Personal information
- Born: February 19, 1997 (age 29) Durham, North Carolina, U.S.
- Listed height: 6 ft 0 in (1.83 m)
- Listed weight: 195 lb (88 kg)

Career information
- High school: Southern Durham
- College: Wake Forest (2015–2019)
- NFL draft: 2020 (undrafted)

Career history
- Denver Broncos (2020–2022);

Awards and highlights
- Third-team All-ACC (2019);

Career NFL statistics
- Passing attempts: 10
- Passing completions: 2
- Completion percentage: 20.0%
- TD–INT: 0–2
- Passing yards: 14
- Receptions: 39
- Receiving yards: 486
- Receiving touchdowns: 1
- Stats at Pro Football Reference

= Kendall Hinton =

American football player (born 1997)

Kendall Hinton (born February 19, 1997) is an American professional football wide receiver. He played college football for the Wake Forest Demon Deacons as a quarterback and wide receiver before signing with the Broncos as an undrafted free agent in 2020. That season, he made an appearance as an emergency quarterback after the rest of the team's quarterbacks were placed in COVID-19 quarantine for a week. In doing so, Hinton became the first non-professional quarterback to play significant snaps at the position in an NFL game since running back Tom Matte with the Baltimore Colts in 1965.

== Early life ==
Hinton played quarterback at Southern Durham High School in Durham, North Carolina. As a high school junior, Hinton threw for 3,972 yards and 39 touchdowns en route to a NCHSAA 3AA state championship title.

== College career ==
Rated a three-star prospect by 247Sports and Rivals, Hinton committed to play college football for the Wake Forest Demon Deacons on June 11, 2014. As a true freshman in 2015, Hinton played in nine games and started in two of them. In the nine games, he threw for 929 yards and four touchdowns, while rushing for 390 yards and seven touchdowns. Against Army on September 19, Hinton replaced injured starting quarterback John Wolford in the first quarter of the game, and led the Demon Deacons to a 24–21 win by passing for 159 yards and two touchdowns. The next week against Indiana, Hinton made his first career start in place of Wolford, and had 245 yards passing along with 57 yards rushing and two touchdowns in the 31–24 loss. Hinton's 245 passing yards set a Wake Forest school record for most passing yards by a player in his first career start. He started again the following week against Florida State on October 3, throwing for 215 yards in a loss.

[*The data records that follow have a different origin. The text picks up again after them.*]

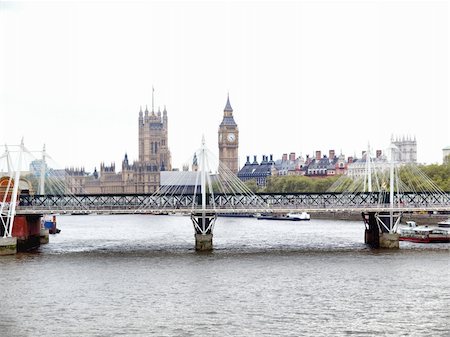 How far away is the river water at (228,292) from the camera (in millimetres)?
37156

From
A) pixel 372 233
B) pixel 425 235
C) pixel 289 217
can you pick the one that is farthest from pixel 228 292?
pixel 289 217

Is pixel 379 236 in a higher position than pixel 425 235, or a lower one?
higher

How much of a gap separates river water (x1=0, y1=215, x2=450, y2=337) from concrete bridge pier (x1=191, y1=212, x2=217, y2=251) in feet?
4.10

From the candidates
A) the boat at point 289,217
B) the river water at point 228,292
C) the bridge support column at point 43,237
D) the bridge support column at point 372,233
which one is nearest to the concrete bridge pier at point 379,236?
the bridge support column at point 372,233

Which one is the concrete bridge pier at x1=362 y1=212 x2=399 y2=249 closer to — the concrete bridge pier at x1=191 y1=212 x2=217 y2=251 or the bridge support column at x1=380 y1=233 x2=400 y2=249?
the bridge support column at x1=380 y1=233 x2=400 y2=249

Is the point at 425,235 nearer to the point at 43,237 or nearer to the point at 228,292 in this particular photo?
the point at 43,237

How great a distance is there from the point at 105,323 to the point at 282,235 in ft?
179

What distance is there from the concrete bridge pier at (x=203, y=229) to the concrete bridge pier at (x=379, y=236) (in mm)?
12518

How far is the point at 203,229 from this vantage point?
222 feet

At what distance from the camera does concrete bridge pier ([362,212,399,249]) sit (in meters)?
68.4

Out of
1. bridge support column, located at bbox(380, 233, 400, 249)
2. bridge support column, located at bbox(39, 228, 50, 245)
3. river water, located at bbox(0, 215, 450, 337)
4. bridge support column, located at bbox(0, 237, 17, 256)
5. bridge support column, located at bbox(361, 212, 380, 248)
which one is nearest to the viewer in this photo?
river water, located at bbox(0, 215, 450, 337)

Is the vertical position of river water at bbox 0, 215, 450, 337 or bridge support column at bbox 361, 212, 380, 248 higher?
bridge support column at bbox 361, 212, 380, 248

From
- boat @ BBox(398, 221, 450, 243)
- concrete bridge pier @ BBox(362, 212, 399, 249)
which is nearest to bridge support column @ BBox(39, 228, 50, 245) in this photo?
concrete bridge pier @ BBox(362, 212, 399, 249)

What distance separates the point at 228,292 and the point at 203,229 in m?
22.0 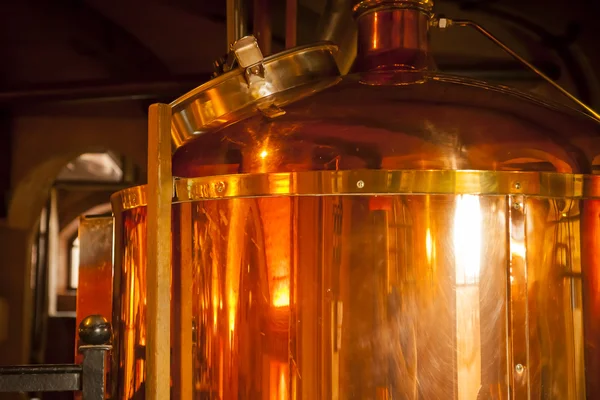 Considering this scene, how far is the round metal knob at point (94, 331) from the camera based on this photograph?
118 centimetres

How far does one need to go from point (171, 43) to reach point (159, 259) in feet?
4.10

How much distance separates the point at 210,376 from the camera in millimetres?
1192

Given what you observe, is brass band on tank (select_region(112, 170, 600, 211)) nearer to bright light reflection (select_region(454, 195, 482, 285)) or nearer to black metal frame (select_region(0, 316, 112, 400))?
bright light reflection (select_region(454, 195, 482, 285))

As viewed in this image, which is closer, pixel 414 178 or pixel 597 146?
pixel 414 178

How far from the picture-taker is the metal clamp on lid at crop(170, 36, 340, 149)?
135 centimetres

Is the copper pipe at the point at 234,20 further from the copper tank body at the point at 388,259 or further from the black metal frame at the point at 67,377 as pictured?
the black metal frame at the point at 67,377

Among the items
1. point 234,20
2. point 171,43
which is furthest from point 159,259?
point 171,43

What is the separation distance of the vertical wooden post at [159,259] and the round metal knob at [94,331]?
7 cm

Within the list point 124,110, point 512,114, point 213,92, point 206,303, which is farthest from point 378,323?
point 124,110

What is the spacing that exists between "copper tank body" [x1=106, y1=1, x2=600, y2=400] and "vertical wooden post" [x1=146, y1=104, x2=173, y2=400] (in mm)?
22

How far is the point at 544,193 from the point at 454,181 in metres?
0.16

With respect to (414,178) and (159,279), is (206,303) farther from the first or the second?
(414,178)

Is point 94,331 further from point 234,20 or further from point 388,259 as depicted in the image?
point 234,20

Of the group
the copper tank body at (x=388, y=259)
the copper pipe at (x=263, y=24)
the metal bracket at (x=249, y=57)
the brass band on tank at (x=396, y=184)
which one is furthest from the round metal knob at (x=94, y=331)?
the copper pipe at (x=263, y=24) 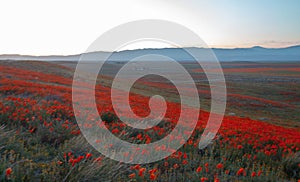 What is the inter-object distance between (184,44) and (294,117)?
22846 mm

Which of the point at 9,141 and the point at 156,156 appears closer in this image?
the point at 9,141

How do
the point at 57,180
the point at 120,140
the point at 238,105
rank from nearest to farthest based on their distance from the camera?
the point at 57,180 < the point at 120,140 < the point at 238,105

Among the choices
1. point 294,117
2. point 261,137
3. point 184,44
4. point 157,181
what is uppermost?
point 184,44

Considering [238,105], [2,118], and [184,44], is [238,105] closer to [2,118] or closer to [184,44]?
[184,44]

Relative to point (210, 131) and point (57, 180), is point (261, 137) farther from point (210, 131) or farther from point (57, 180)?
point (57, 180)

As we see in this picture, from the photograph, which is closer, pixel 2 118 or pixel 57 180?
pixel 57 180

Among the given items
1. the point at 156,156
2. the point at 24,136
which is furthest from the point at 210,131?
the point at 24,136

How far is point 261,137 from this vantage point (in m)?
8.80

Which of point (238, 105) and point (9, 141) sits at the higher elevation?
point (9, 141)

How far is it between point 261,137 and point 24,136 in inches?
286

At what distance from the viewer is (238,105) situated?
31.9m

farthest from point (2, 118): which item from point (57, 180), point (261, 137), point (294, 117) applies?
point (294, 117)

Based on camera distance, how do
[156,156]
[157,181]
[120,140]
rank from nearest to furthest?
1. [157,181]
2. [156,156]
3. [120,140]

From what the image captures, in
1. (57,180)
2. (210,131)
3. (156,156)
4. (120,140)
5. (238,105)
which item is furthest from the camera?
(238,105) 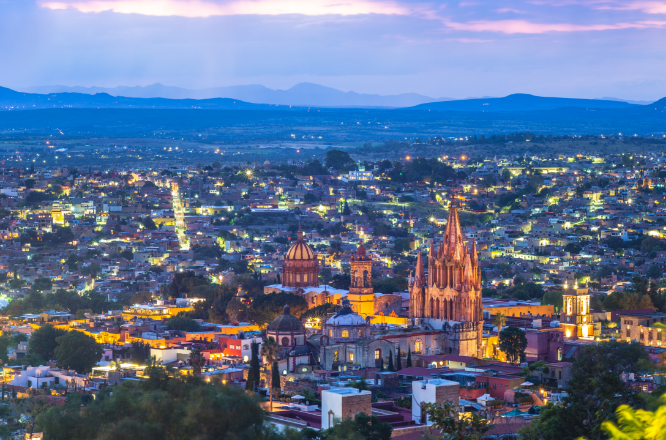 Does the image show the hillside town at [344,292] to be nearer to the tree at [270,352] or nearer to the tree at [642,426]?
the tree at [270,352]

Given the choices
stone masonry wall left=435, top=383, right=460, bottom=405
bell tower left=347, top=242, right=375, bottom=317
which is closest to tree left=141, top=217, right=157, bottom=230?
bell tower left=347, top=242, right=375, bottom=317

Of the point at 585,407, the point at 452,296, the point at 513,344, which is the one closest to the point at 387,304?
the point at 452,296

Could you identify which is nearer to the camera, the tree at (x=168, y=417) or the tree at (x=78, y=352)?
the tree at (x=168, y=417)

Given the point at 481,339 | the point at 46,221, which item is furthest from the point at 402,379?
the point at 46,221

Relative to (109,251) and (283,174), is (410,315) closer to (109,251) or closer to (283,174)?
(109,251)

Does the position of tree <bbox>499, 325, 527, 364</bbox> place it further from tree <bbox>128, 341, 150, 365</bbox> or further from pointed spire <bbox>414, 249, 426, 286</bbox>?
tree <bbox>128, 341, 150, 365</bbox>

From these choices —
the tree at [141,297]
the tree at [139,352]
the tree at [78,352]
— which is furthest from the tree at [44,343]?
the tree at [141,297] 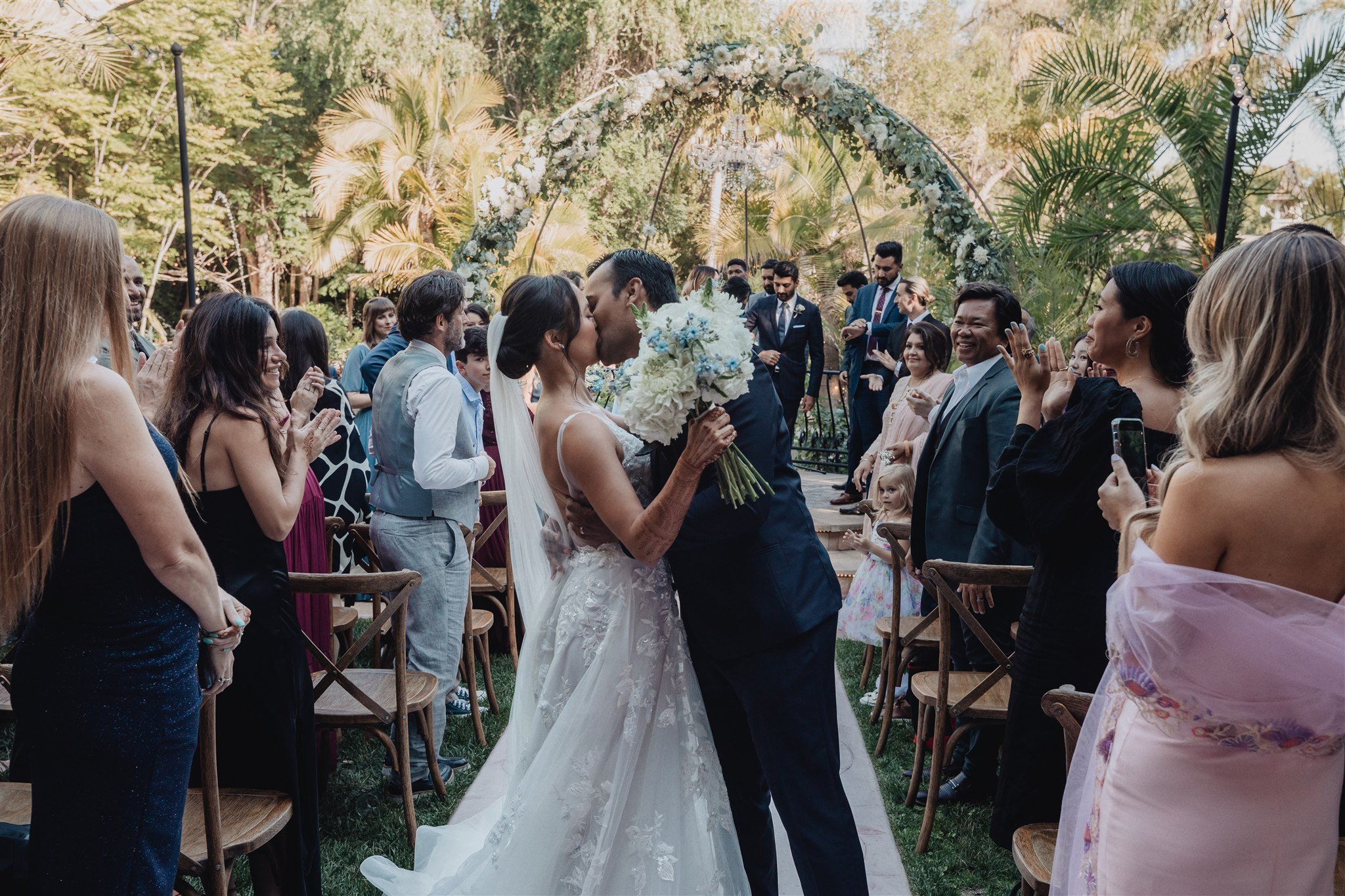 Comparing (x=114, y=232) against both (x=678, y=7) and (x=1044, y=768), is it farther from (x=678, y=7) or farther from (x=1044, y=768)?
(x=678, y=7)

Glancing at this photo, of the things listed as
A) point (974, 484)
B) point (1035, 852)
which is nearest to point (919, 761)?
point (974, 484)

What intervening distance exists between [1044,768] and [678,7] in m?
21.9

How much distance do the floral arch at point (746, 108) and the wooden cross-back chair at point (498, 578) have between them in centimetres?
364

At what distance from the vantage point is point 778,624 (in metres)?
2.73

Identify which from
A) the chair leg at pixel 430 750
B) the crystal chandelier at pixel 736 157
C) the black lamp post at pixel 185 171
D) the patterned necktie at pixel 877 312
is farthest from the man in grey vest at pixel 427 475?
the crystal chandelier at pixel 736 157

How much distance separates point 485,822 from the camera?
3844 millimetres

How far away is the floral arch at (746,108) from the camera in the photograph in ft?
25.8

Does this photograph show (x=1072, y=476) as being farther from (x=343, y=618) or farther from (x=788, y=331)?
(x=788, y=331)

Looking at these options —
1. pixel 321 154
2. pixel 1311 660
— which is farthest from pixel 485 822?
pixel 321 154

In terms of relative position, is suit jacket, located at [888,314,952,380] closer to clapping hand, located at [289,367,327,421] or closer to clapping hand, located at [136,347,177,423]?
clapping hand, located at [289,367,327,421]

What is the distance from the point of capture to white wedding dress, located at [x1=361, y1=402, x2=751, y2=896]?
Result: 9.95 feet

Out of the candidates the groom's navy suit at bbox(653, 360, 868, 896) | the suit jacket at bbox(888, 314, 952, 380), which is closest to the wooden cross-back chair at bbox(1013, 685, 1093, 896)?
the groom's navy suit at bbox(653, 360, 868, 896)

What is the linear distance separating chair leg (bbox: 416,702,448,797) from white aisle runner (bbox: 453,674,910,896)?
0.41 feet

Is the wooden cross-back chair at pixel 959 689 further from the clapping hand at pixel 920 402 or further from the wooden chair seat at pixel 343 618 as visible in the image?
the wooden chair seat at pixel 343 618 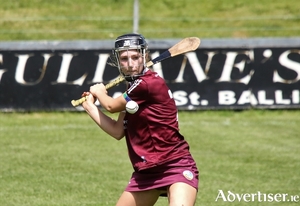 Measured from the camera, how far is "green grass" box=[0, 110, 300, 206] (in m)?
8.26

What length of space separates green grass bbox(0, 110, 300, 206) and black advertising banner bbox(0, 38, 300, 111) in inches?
9.6

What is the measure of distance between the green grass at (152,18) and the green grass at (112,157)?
5163 millimetres

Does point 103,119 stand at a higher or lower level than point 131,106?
lower

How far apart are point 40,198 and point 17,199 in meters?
0.25

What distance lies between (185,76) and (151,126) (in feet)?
25.0

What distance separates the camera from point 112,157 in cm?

As a sophomore, Hinton suffered a sprained ankle in the Demon Deacons Week 3 game against Delaware. Initially expected to only miss 2–4 weeks, Hinton did not play for the remainder of the season and was granted a medical redshirt. As a redshirt sophomore, Hinton served as the primary backup quarterback to John Wolford in 2017, starting one game against Clemson in place of an injured Wolford. Hinton completed 14 of 30 passes for 203 yards and 2 touchdowns in the 28–14 loss.

As a junior he was projected to be the starting quarterback entering the season, Hinton was suspended for the first three games of the season for violating team rules. Following his return from suspension, Hinton was named the backup quarterback to true freshman Sam Hartman. Despite entering the transfer portal at the end of his redshirt junior year, Hinton opted to return to Wake Forest for his redshirt senior season. In his redshirt senior season, Hinton transitioned to playing slot receiver full-time, racking up 73 receptions for 1,001 yards and four touchdowns.

== Professional career ==

Hinton signed with the Denver Broncos as an undrafted free agent on April 26, 2020. He was waived on September 5, but re-signed with their practice squad on November 4. In Week 12, all four Broncos quarterbacks were ruled ineligible to play against the New Orleans Saints due to COVID-19 pandemic protocols, so Hinton was elevated to the active roster as an emergency quarterback option for the team, as his time as a quarterback at Wake Forest made him the only player on the Broncos roster with experience at the position. The Broncos could not sign a free agent quarterback as NFL COVID protocols required new signees to sit out six days before joining their new team.

Out of his nine attempts, Hinton only completed a single 13-yard pass to tight end Noah Fant, while also throwing two interceptions as the Broncos lost 31–3. Hinton reverted to the practice squad following the game, and signed a reserve/futures contract with the team on January 4, 2021.

On August 31, 2021, Hinton was waived by the Broncos and re-signed to the practice squad the next day. He was promoted to the active roster on September 14. In Week 5 against the Pittsburgh Steelers, Hinton caught his first career touchdown pass in the Broncos' 27–19 loss.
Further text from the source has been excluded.